Verzoeker heeft beroep ingesteld tegen een besluit van Orionis inzake zijn recht op een uitkering. Tevens heeft hij de voorzieningenrechter verzocht om een voorlopige voorziening te treffen.
Op grond van artikel 8:83, derde lid, van de Algemene wet bestuursrecht (Awb) is een zitting achterwege gebleven.

Overwegingen

1. Artikel 8:81 van de Awb, gelezen in samenhang met artikel 6:6 van de Awb, bepaalt dat het verzoek om een voorlopige voorziening niet-ontvankelijk kan worden verklaard, als niet is voldaan aan artikel 6:5 van de Awb of aan enig ander bij de wet gesteld vereiste voor het in behandeling nemen van een verzoek. De indiener van het verzoek moet dan wel de gelegenheid hebben gehad het verzuim te herstellen binnen een daartoe gestelde termijn.
2. De voorzieningenrechter heeft vastgesteld dat niet aan alle vereisten werd voldaan en verzoeker daarom bij brief van 1 november 2021 een termijn gegund om een kopie van het besluit waarmee het verzoek om een voorlopige voorziening verband houdt over te leggen. De voorzieningenrechter stelt vast dat binnen de gestelde termijn van een week na 1 november 2021 geen kopie van het bestreden besluit is overgelegd.
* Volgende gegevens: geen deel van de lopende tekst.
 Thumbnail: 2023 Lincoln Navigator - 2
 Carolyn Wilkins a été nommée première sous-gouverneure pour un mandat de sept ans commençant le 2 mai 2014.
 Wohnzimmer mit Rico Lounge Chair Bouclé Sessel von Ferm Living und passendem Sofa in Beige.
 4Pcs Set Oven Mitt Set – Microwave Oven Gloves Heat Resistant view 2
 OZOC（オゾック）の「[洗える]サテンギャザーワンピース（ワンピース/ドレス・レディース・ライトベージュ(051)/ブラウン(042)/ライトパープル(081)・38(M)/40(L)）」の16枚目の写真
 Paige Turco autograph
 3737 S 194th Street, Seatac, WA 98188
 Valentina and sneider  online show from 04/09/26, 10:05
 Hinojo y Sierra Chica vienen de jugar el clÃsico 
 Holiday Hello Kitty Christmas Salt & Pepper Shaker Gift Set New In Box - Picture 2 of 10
Verzoeker heeft in het geheel niet gereageerd op het verzoek van 1 november 2021.
3. Het verzoek is daarom kennelijk niet-ontvankelijk.
4. Voor een proceskostenveroordeling bestaat geen aanleiding.

Beslissing

De voorzieningenrechter verklaart het verzoek om voorlopige voorziening niet-ontvankelijk.
Deze uitspraak is gedaan door mr. V.M. Schotanus, voorzieningenrechter, in aanwezigheid van mr. S. Constant, griffier, op 17 november 2021 en openbaar gemaakt door middel van geanonimiseerde publicatie op www.rechtspraak.nl.
De griffier is niet in de gelegenheid de uitspraak mede te ondertekenen.
griffier voorzieningenrechter
Afschrift verzonden aan partijen op:

Rechtsmiddel

Tegen deze uitspraak staat geen rechtsmiddel open.